The JWarp architecture is mainly built around the idea of application contexts and services. Since we have at our customers sometimes the requirement to run several different web applications within one JAVA virtual machine, we needed a separate running environment for each application. This notion in JWarp is modelled through the Context class. Within a context there is an arbitrary number of services running. A service is some kind of a JWarp module handling a certain number of application tasks. Each service can be started, stopped, suspended and resumed. Starting or stopping a context also starts/stops all services contained in this context (Be aware that it is the service's responsibility to organize whatever threading is accurate. A JWarp service does not run as a thread on its own). Most services implement a kind of a factory-like interface providing an interface for instantiating and referencing (and also deleting) complex objects such as objectpools, threadpools, users, groups, security objects, access rights, persistence objects, web services and dynamic caches. It is even possible to wrap an EJB server (e.g. jBoss) or some CORBA services. Many features of a JWarp service strongly resemble the JAVA Connector API's released these days.

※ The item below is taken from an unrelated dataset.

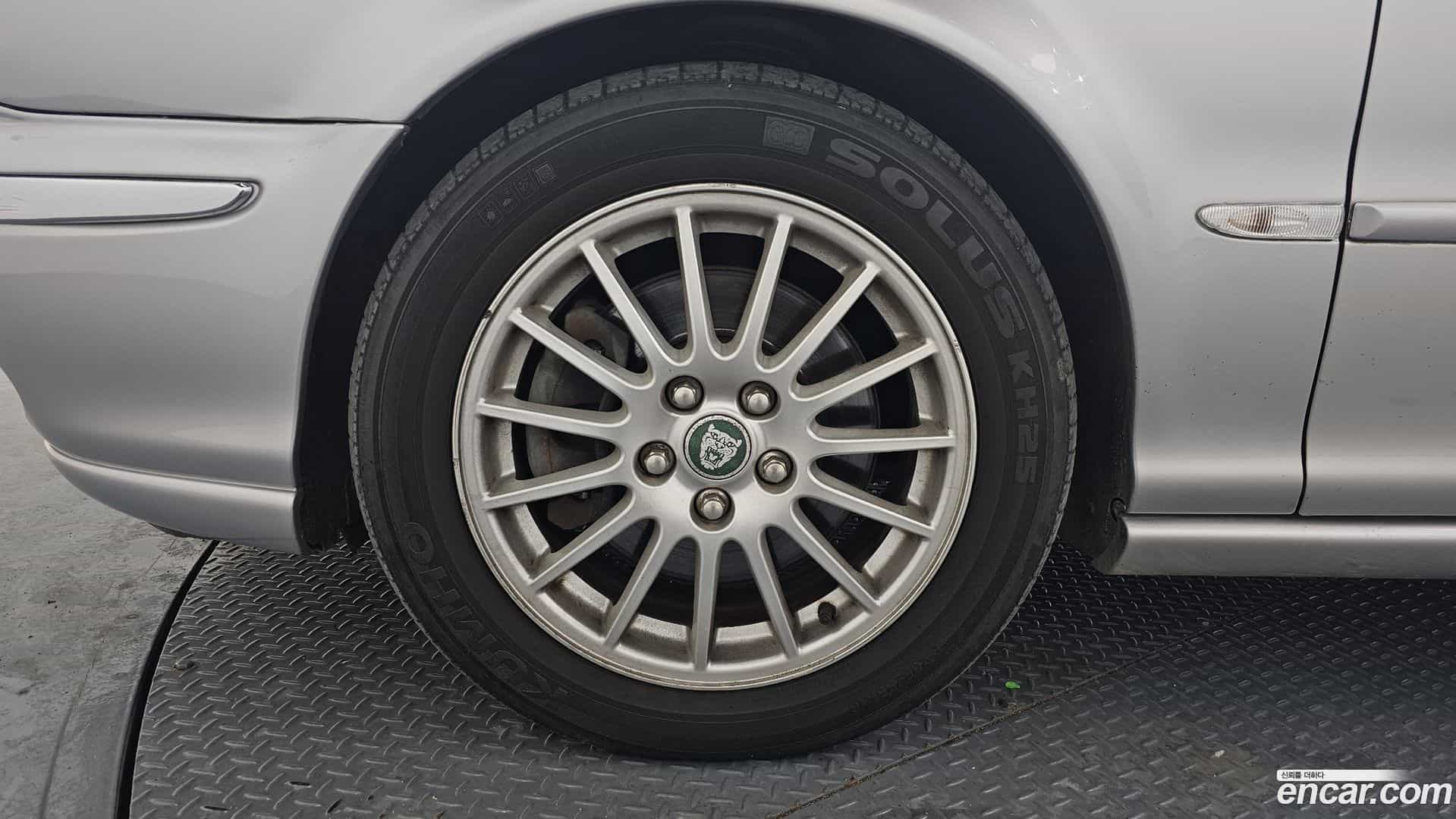 X-TYPE Jaguar 2006.0-OUTER-005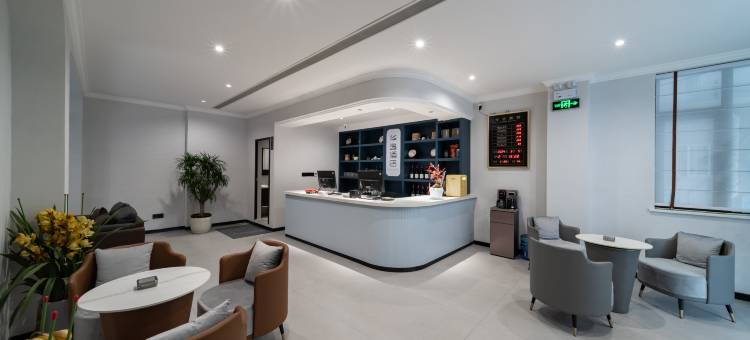 华逸酒店(乐山肖坝理工大学店)图片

However, the JWarp implementation and usage is far easier to deal with.
There are two services which have special responsibilities:
The security service implements the interface
org.jwarp.service.security.ISecurityService
, which
manages an org.jwarp.service.security.ISecurity
environment. The ISecurity environment manages users, groups, system
objects and the corresponding access rights. What security
implementation you finally use, is your decision. You just have to
implement the org.jwarp.service.security
.ISecurity
interface. As a sample a file-based security class implementation is
available (using simple serialization mechanisms). An implementation
based on relational database technology or an LDAP interface is
planned.
The reference module is a context module that works similar to the JNDI API (in fact it can be built upon JNDI). It is used for fast access to all important application resources through one object instance directly available through the context.getResolver method. By default all services that inherit from the AService class are automatically registered within this reference service.
Access to services (and the resolver) needs a
reference to the running context as well as a user ticket. If you log
in to a running JWarp system, you must provide the name of the
context to which you want to connect to. The context's security
service will then authorize your login request and return a valid
user ticket (or throw a SecurityException if access was denied). The
returned ticket then contains a reference to the context, so you can
access the application components and the context resolver. Each
access to the context methods depends on a valid ticket. The object
that finally creates the contexts will also be returned a system
ticket as the result of the context creation operation, which by
default allows free access to all system resources. Services
themselves can also use the security mechanism by implementing the
ISecurityAware
interface.
The whole configuration of a JWarp application is defined in an XML file. A DTD is not released yet, but a sample configuration file is provided with an extensive set of explanations about what you can already configure. Basically there are some parts defining what kind of objects are effectively loaded and inserted into the application. Each application module has the possibility to read additional configuration information, since all subtags within a module's configuration can be accessed through the org.jdom.common.IConfigurable interface implemented by most components. Even the org.jwarp.service.IContext implementation can be switched that way.
After all components are loaded and configured, the context (and thus its services) is started and ready for access.
For a sample configuration choose one of the following:
JWarp contains a pluggable logging mechanism. Unfortunately it is not yet compatible to the Apache group's jLog package. But we are planning to integrate the Apache jLog package to the JWarp framework soon.